Anyone raised on radio knows that sign-off. Paul Harvey’s
The Rest of the Story
is one of the most popular programs in the history of radio. Each broadcast relates a minor but telling incident in the life of a well-known person. The gimmick is that you don’t know whom Paul Harvey is talking about until his famous closing.

“And that little boy,” he might say, “the one who so wanted to cut down that cherry tree, grew up to be none other than George Washington, the father of our country. And now you know . . . the rest of the story.”

Now Paul Harvey was telling the story of a cat who inspired a town and became famous around the world . . . and it all started in a library book drop on a cold January morning in a small Iowa town. And now you know . . .

Who cares if nobody from Paul Harvey’s staff called to check the facts? Who cares if they didn’t know 10 percent of the rest of the story, the part that made Dewey so special? I sat down at the end of the broadcast and thought, “That’s it. Dewey’s really made it now.” And then, because I was so used to the unexpected with Dewey, I wondered what was going to happen next.

For years I had gone to the newspaper and the radio station to pass on Dewey news. With Paul Harvey, I decided to hold back. It wasn’t that there weren’t plenty of Dewey fans. Patrons asked every day for the latest bit of Dewey news. Children ran into the library, eager and smiling, looking for their friend. But good news about Dewey no longer seemed to impress the rest of the town. In fact, I was beginning to worry it was pushing some people away. Dewey, I suspected, might be a little overexposed.

But only in Spencer. The rest of the world still couldn’t get enough. In addition to being on several state boards, I was one of six continuing-education instructors in the Iowa library system. I taught the courses using the Iowa Communication Network (ICN), a teleconferencing system connecting libraries, military depots, hospitals, and schools around the state. Every time I sat down in our ICN room to teach the opening class of a course, the first question was, “Where’s Dewey?”

“Yes,” another librarian would pipe up, “can we see him?”

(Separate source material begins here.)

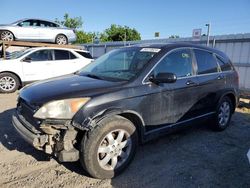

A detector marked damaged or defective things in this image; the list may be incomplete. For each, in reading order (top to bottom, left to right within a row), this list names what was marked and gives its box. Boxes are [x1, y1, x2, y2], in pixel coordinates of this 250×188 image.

cracked headlight [33, 97, 90, 119]
damaged front bumper [11, 111, 79, 162]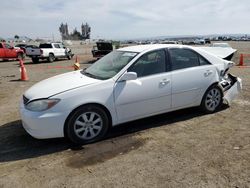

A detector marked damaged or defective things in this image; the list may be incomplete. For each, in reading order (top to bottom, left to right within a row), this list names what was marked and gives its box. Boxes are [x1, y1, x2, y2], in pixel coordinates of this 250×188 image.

Fortunately, Dewey attended all meetings in the ICN room. He preferred meetings of actual people, but teleconferences were acceptable, too. I put Dewey on the table and pushed a button so he appeared on viewing screens all over the state. You could probably hear the gasp in Nebraska.

“He’s so cute.”

“Do you think my library should get a cat?”

“Only if it’s the right cat.” That’s what I always told them. “You can’t get just any cat. He has to be special.”

“Special?”

“Calm, patient, dignified, intelligent, and above all, outgoing. A library cat has to love people. It also helps if he’s gorgeous and comes with an unforgettable story.” I didn’t mention loving, absolutely loving with his whole heart, being the library cat.

“Okay,” I told them eventually. “Enough fun. Back to censorship and collection development.”

“One more minute. Please. I want my staff to meet Dewey.”

I looked over at my big orange buddy, who was sprawled out in his favorite spot on the table. “You’re loving this, aren’t you?”

He gave me an innocent look.
Who, me? I’m just doing my job.

It wasn’t just librarians who loved Dewey. I was working in my office one morning when Kay called me to the front desk. Standing there was a family of four, two young parents and their children.

“This nice family,” Kay said, with barely disguised amazement, “is from Rhode Island. They’ve come to meet Dewey.”